The following two options are not currently available in the Program Portal but will be a feature released in the future. Please stay tuned to 
Program Announcements for portal development updates.

  • Duplicate an existing Disclosure Form: Approved Vendors/ Disclosure Form Designees can submit requests to the Program Administrator to duplicate an existing Disclosure Form. This will create a new Disclosure Form (with a new Disclosure Form ID), that is in the “In Progress” stage. This new Disclosure Form will be populated with all the information from the first Disclosure Form, and the Approved Vendor/ Disclosure Form Designee can update the field(s) as needed. This option is available at any point during the application process.
  • Return the existing, signed Disclosure Form to the “In Progress” status within the Program Portal: Within the Disclosure Form section of the Portal, click on the system name, scroll to the bottom, and click the “Edit Disclosure Form” button. This will allow you to revisit any sections of the Disclosure Form, update the field(s) that need to be updated, and then resend the Disclosure Form to the customer for e-signature. This generates a new version of the existing Disclosure Form, and the new version will maintain the same Disclosure Form ID. This option is only available until the application associated with that Disclosure Form is Part I submitted. The Program Portal will maintain a record of any previous e-signatures and uploads of the Disclosure Form. Approved Vendors/ Disclosure Form Designees cannot currently view this information but can email the Program Administrator to request the full history of a Disclosure Form.

(Updated February 2023)

This Customer Disclosure Form E-mail Address Waiver, which must be completed and signed by both the Approved Vendor or Designee, as well as the prospective customer, can be submitted to the Program Administrator where the residential customer considering participation in Illinois Shines does not have an e-mail address.
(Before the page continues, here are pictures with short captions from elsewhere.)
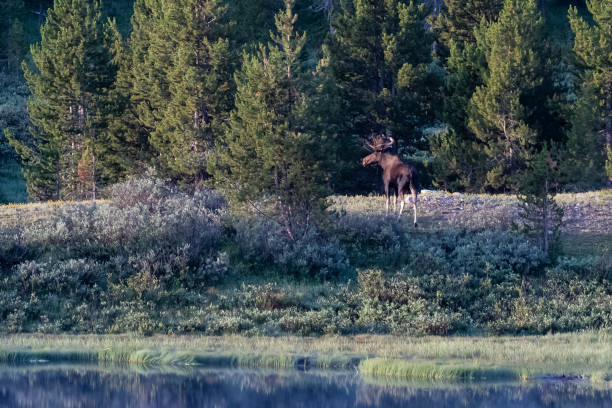 istock Bull moose grazing in early light 1130406050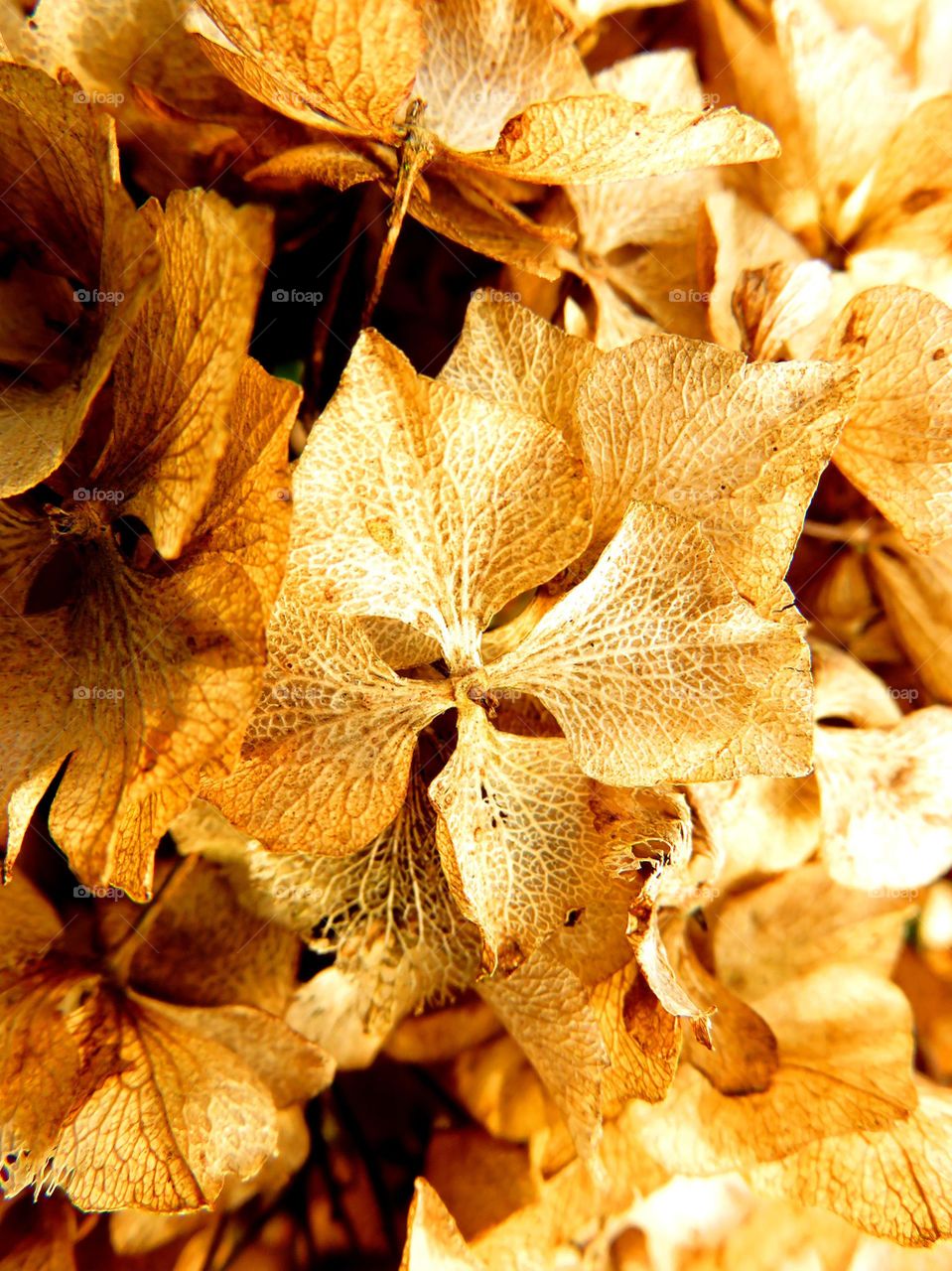 dry hydrangea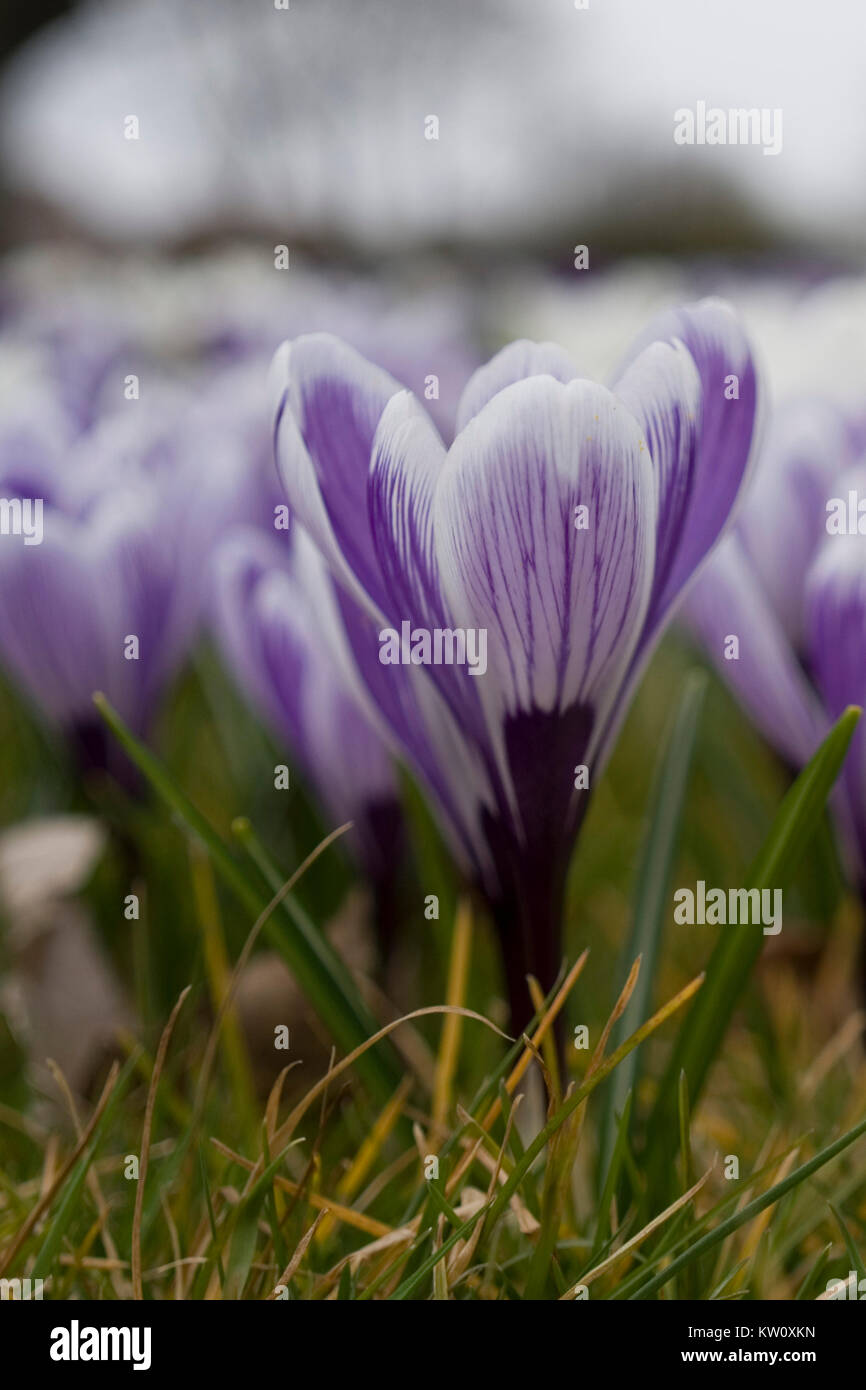 Single lila Krokusse blühen durch Gras im Frühjahr mit den Hintergrund unscharf Stockfoto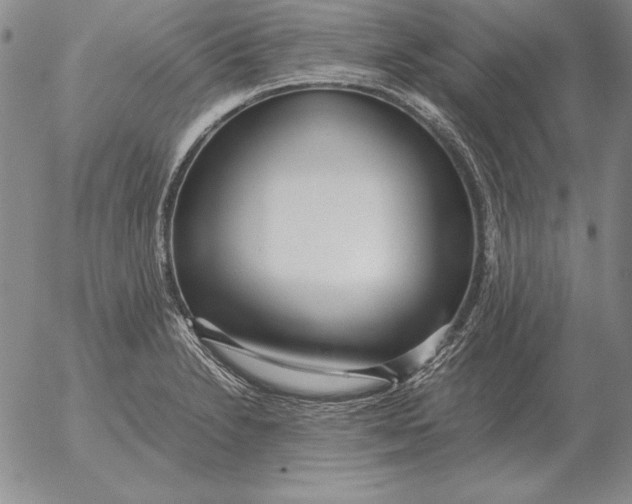 X0000053111230200508012116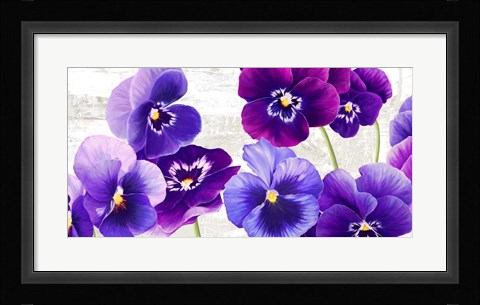 Framed Dance of Pansies Print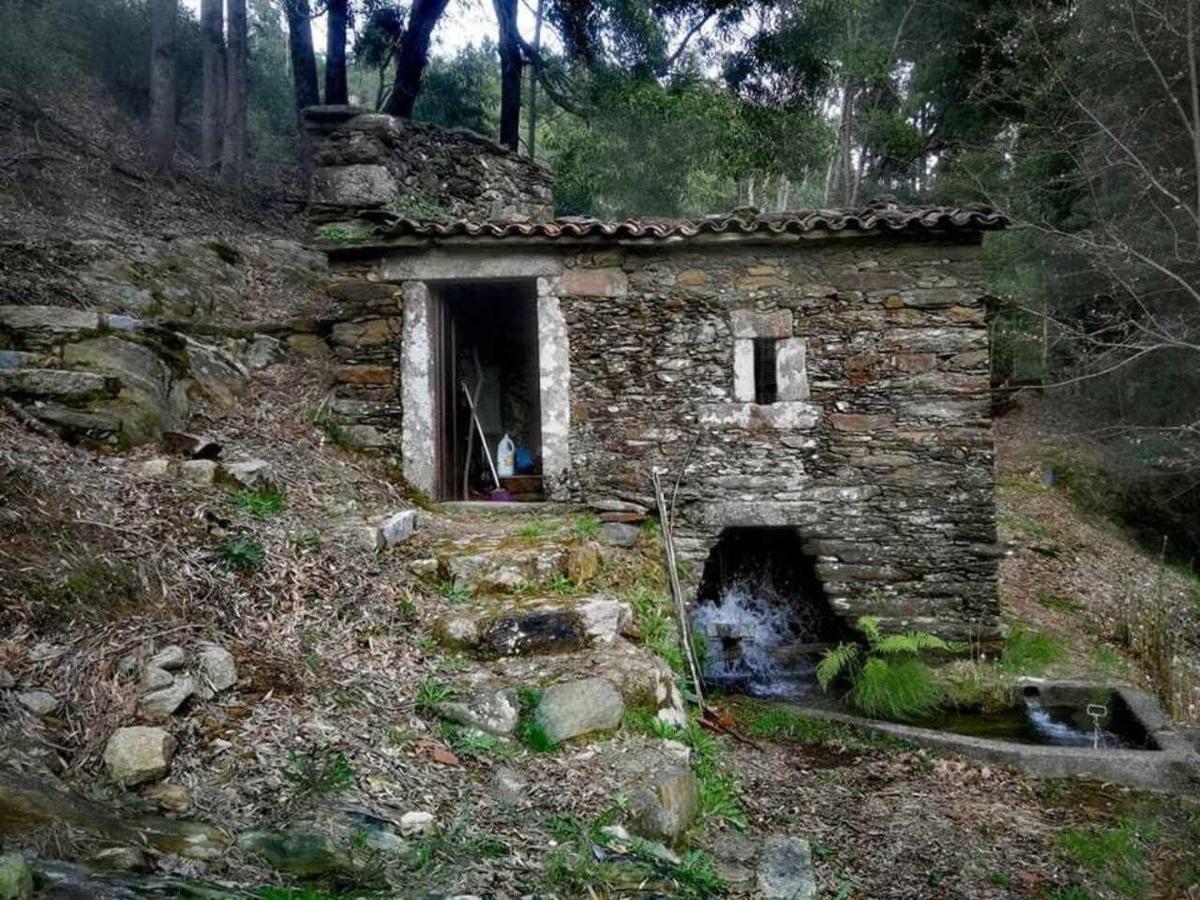 Viana Do Castelo - Amonde Village Casa P - Conforto Qualidade Natureza Bagian luar foto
The Illinois Power Agency’s Long-Term Renewable Resources Procurement Plan provides that the Program’s Disclosure Form requirements “are fundamental to subscribers receiving standardized information,” serving as “the backbone of the Agency’s efforts to deliver uniform content about the rights and obligations under a ratepayer-funded program to everyday citizens.”  (Emphasis added.) The Consumer Protection Handbook requires that customers receive a completed Disclosure Form prior to contract execution, so that the customer has “clear information” about the offer.

Therefore, providing a customer with a Disclosure Form that has incomplete or erroneous information is a violation of program requirements and may lead to disciplinary action. In addition, noncompliant Disclosure Forms may be rejected by the Program Administrator.

(Updated February 2023)

The Agency has observed that select Disclosure Forms have included references to attachments. To ensure Disclosure Form content meets the Program’s intent of uniform, standardized content, the Agency provides the following clarification of Program requirements.

Each Disclosure Form field must be completed such that it provides the information required by the field prompt or description. A Disclosure Form field may not simply refer the customer to an attachment or other document. An attachment may be used to provide additional information beyond what is required in the Disclosure Form. For example, the community solar Disclosure Form requires, for offers with a variable rate, an explanation of the method or formula for calculating payments throughout the term of the subscription.  An Approved Vendor or Designee must complete that field with information from which an average customer could fairly be expected to calculate their monthly subscription fee. An Approved Vendor or Designee could then also provide a full rate schedule in an attachment.

(Updated February 2023)

The Consumer Protection Handbook requires that customers receive a completed Disclosure Form prior to contract execution, so that the customer has “clear information” about the offer. One Disclosure Form requirement for community solar and distributed generation leases and PPAs is disclosure of whether there are any fees or penalties for early termination of the contract.

Any requirement (triggered by early termination) that a customer make additional payments that they would not otherwise be required to make at that time counts as an early termination fee or penalty. For example, a requirement that a customer pay part or all of the future payments under the remaining duration of the contract counts as an early termination fee or penalty and must be disclosed as such.

(Updated August 2023)

A Designee can complete Disclosure Forms only if it is registered in the Program portal as a Disclosure Form Designee. To complete this registration, the Approved Vendor that the Designee is tied to must approve the Designee in that role. Designee registration is currently taking place via a form submitted to the Program Administrator via email. The form is available for download here.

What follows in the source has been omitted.